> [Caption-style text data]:

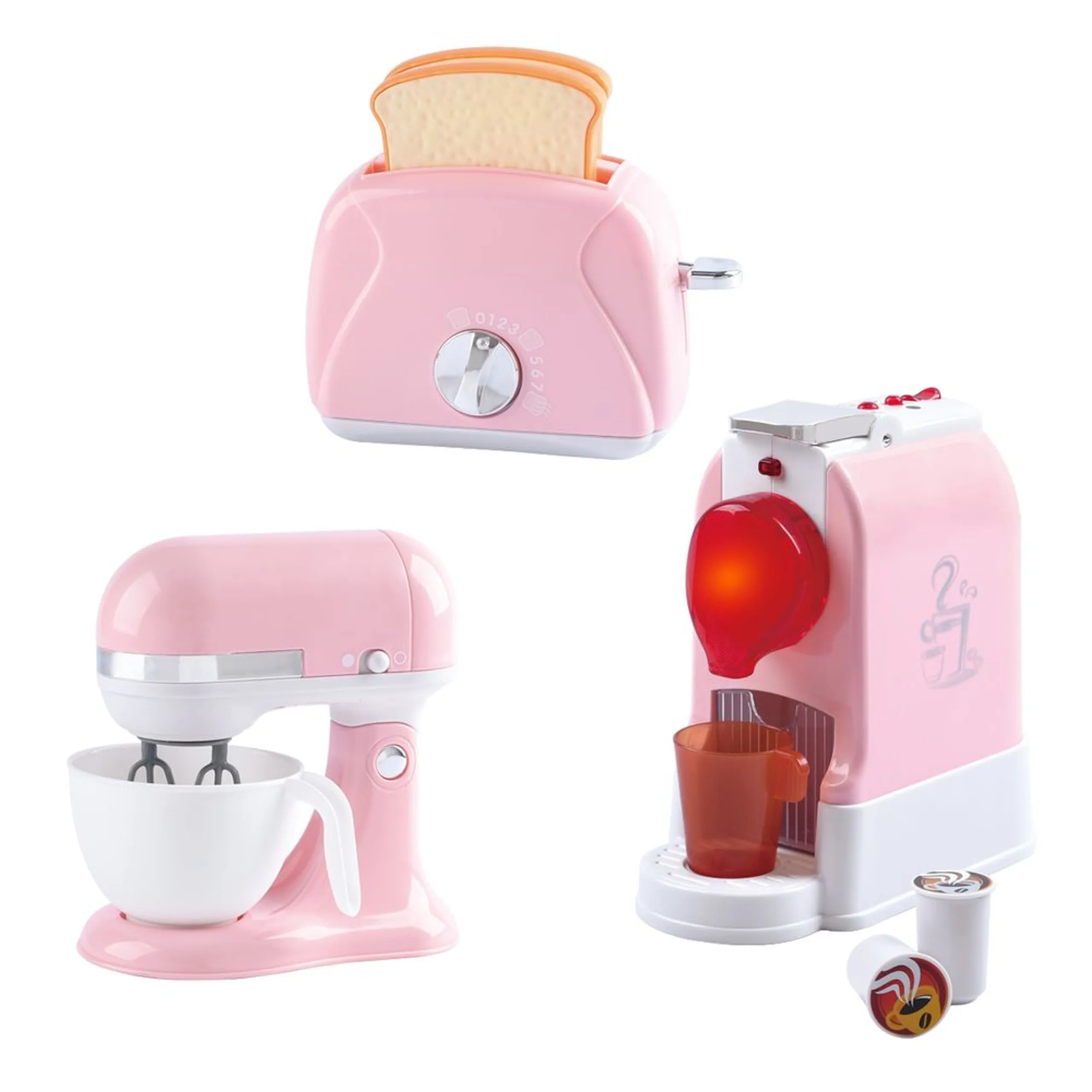 Play&Go Breakfast Kitchen Appliance Trio - 3 pcs (2169971-38386)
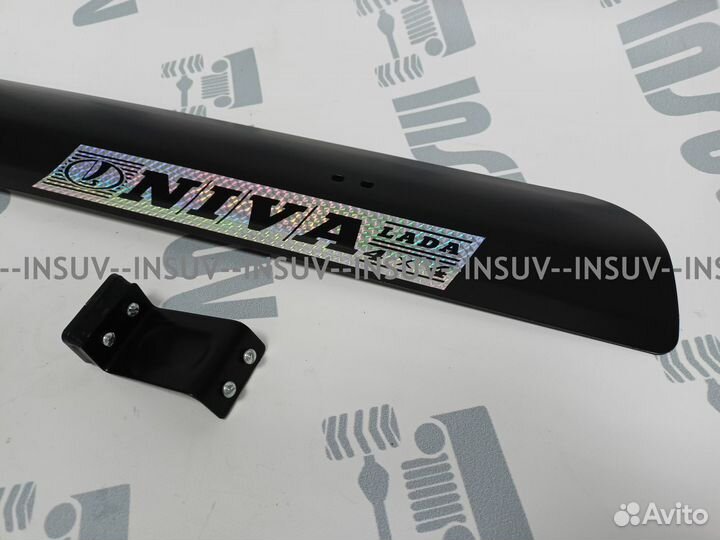 Спойлер багажника металл Нива 2121-2131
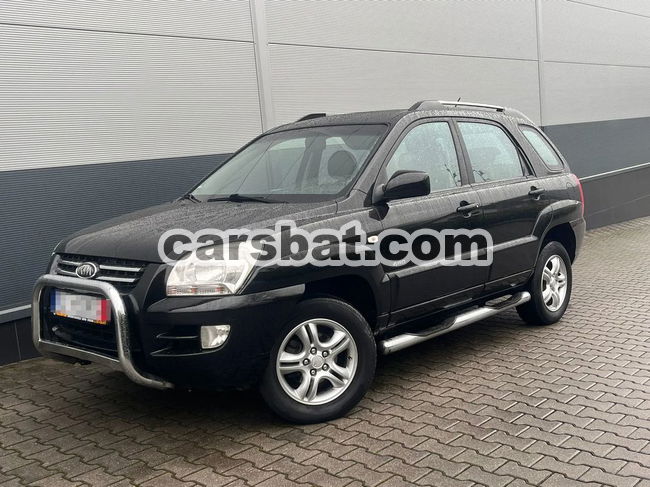 Kia Sportage II 2.0 4WD EX 2008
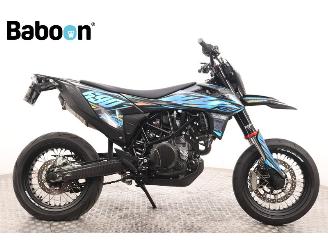skadebil motor KTM 690 SMC -R 2021/6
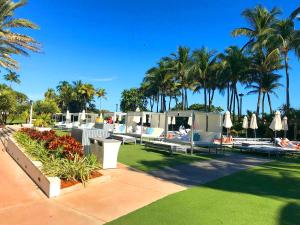 En have udenfor Luxury Condo at Trésor Miami Beach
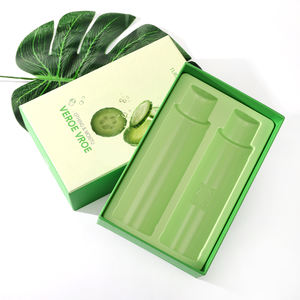 Cajón de cartón de lujo impreso con logotipo personalizado, regalo deslizante, maquillaje de belleza, cuidado de la piel, caja de embalaje para cosméticos - Product Image 3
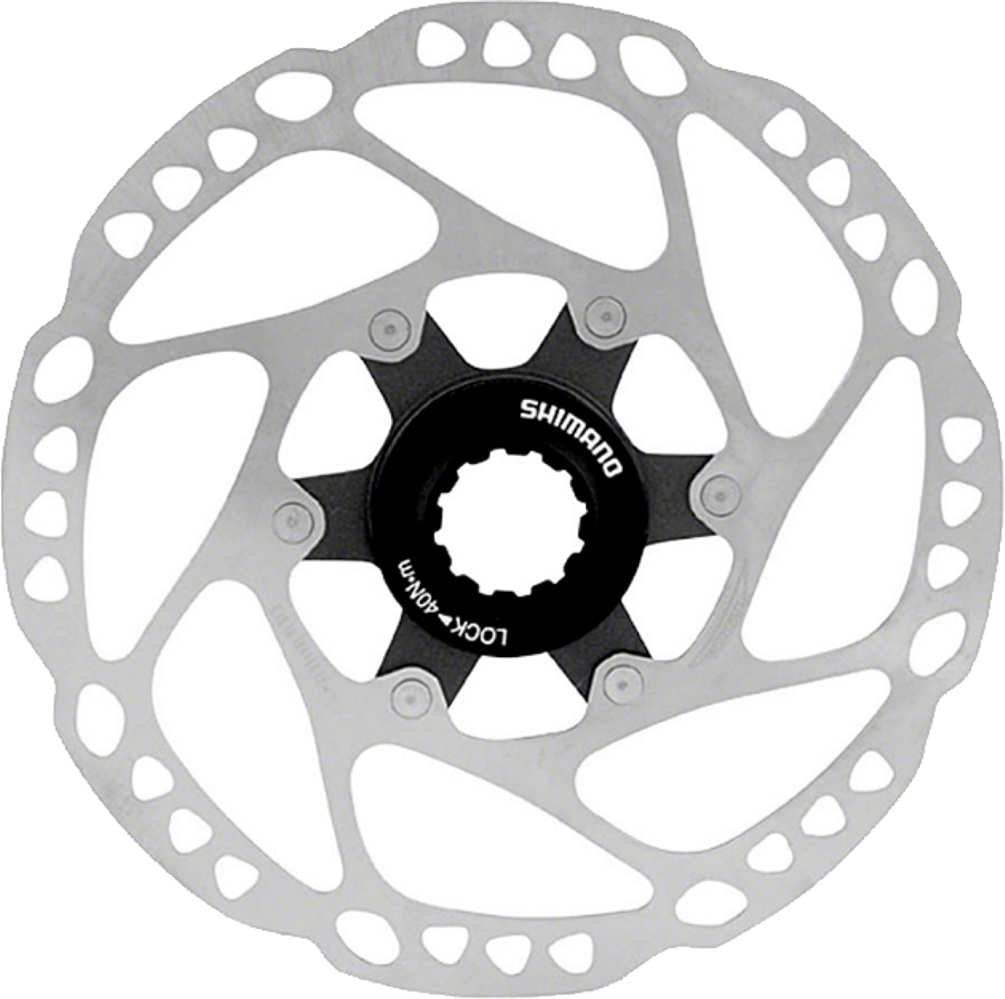 Shimano Disc Brake Rotors Deore SM-RT64 Centerlock - Cyclop.in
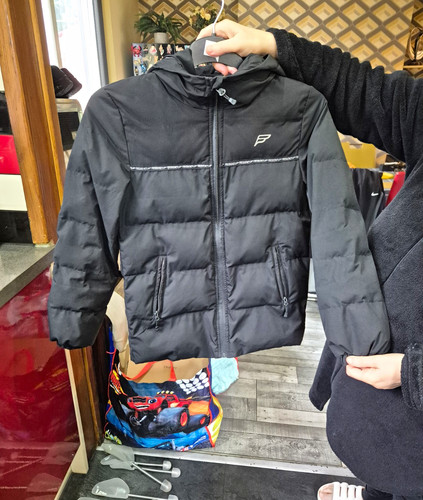 Frequency boys hooded puffer - boys,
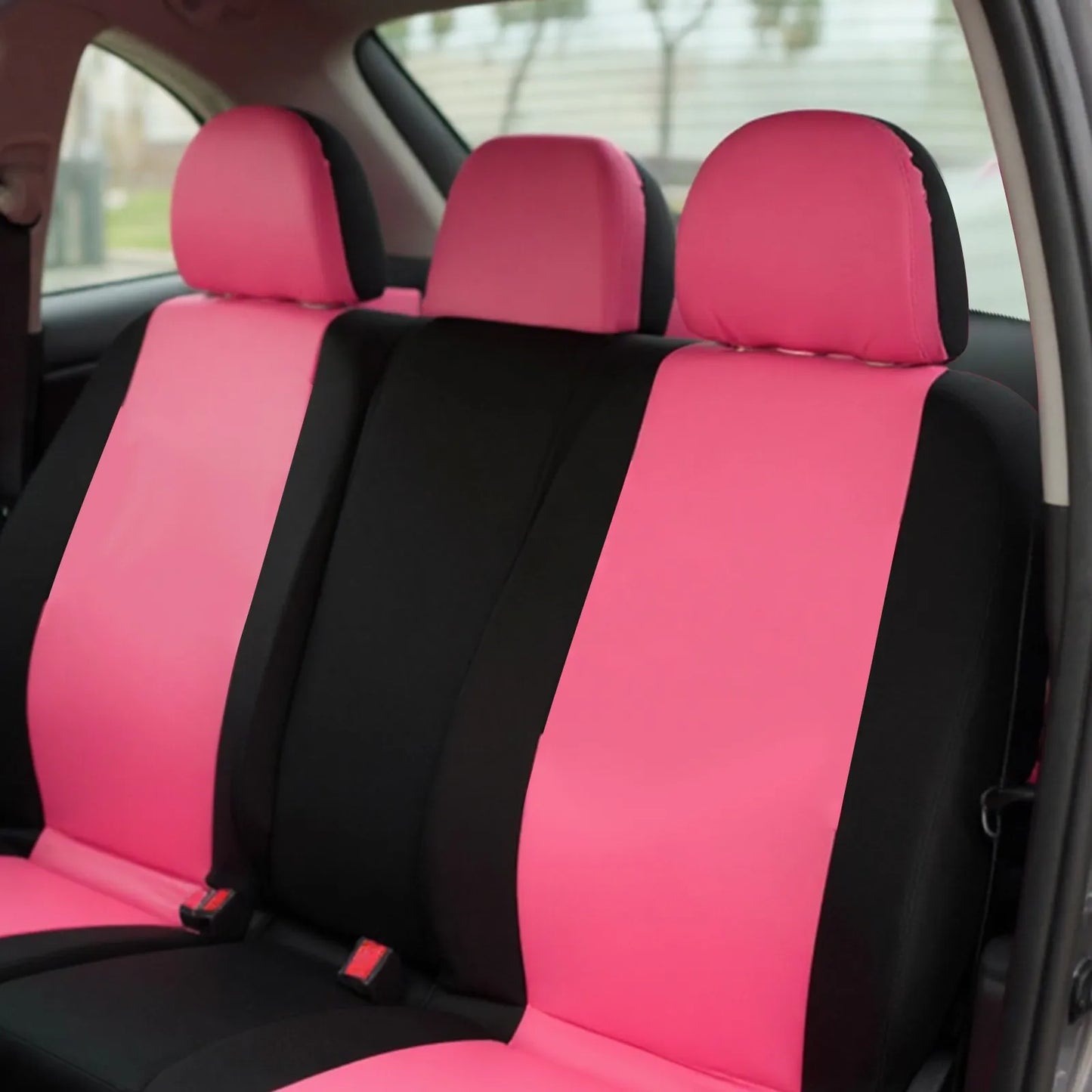 Universal five-seat Car Seat Cover Flat Cloth Car Seat Cover Set Simple Comfortable Cushion Cover For Cars,Trucks,SUVs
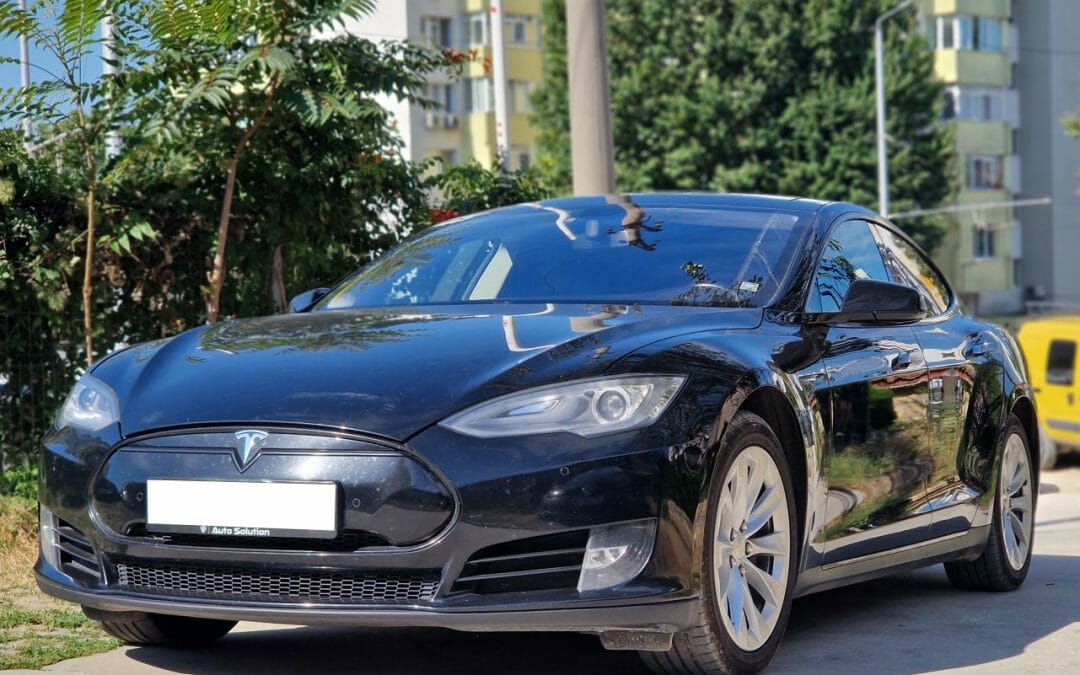 Tesla Model S P85 Performance+ , 2014 , EU Version, Free Supercharging, 129000 km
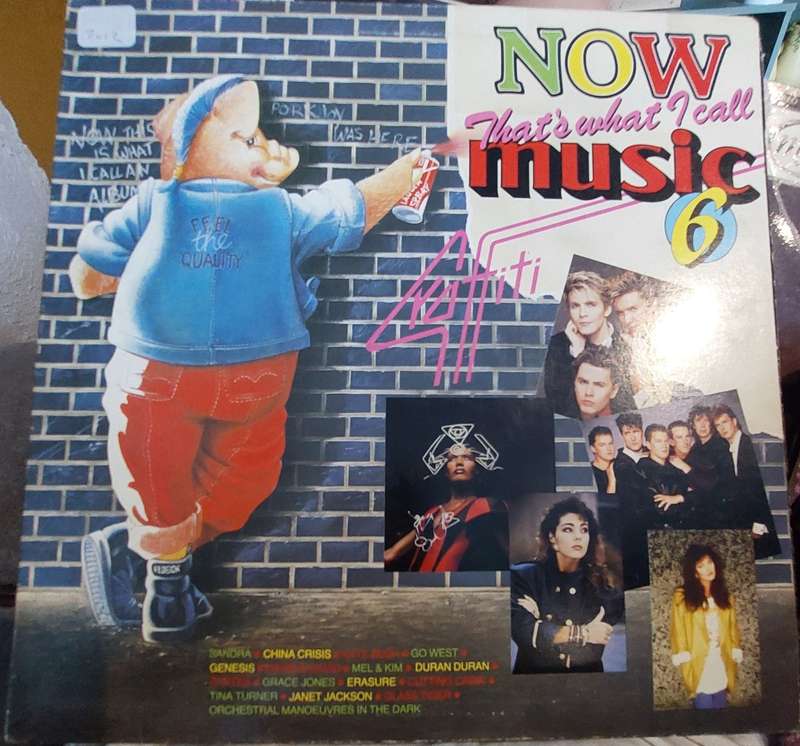 Now that's what I call music 6 (VG/VG)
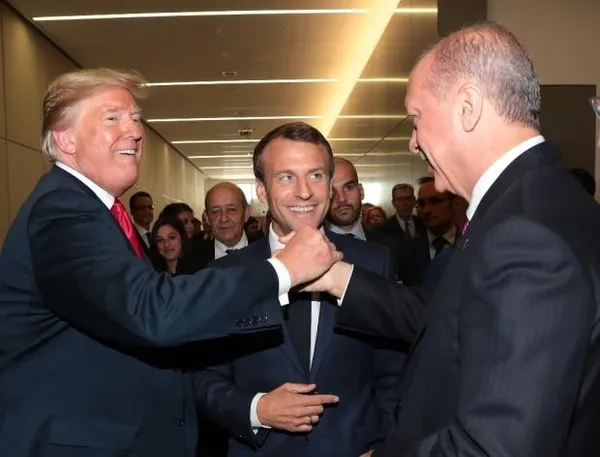 Erdoğan, Trump ile Münbiç ve F-35 konularını ele aldı-1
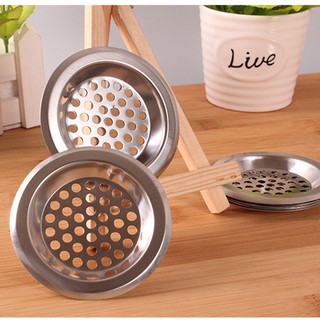 Miếng chặn lọc rác bồn rửa bát thoát nước kim loại thông minh chống tắc cống đồ dùng nhà bếp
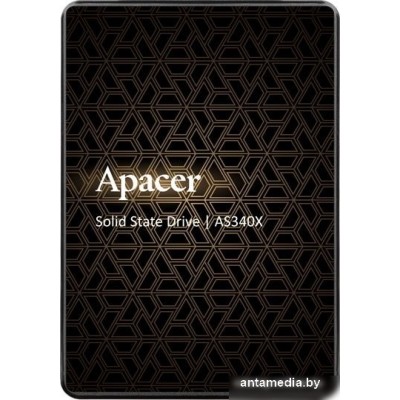 SSD Apacer AS340X 240GB AP240GAS340XC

> [What to produce]:
Give back the exact lines above, running from the one that has "En have udenfor" through the one that has "Frequency boys hooded", with nothing added and no pictures.

> [Your response]:
 En have udenfor Luxury Condo at Trésor Miami Beach
 Cajón de cartón de lujo impreso con logotipo personalizado, regalo deslizante, maquillaje de belleza, cuidado de la piel, caja de embalaje para cosméticos - Product Image 3
 Shimano Disc Brake Rotors Deore SM-RT64 Centerlock - Cyclop.in
 Frequency boys hooded puffer - boys,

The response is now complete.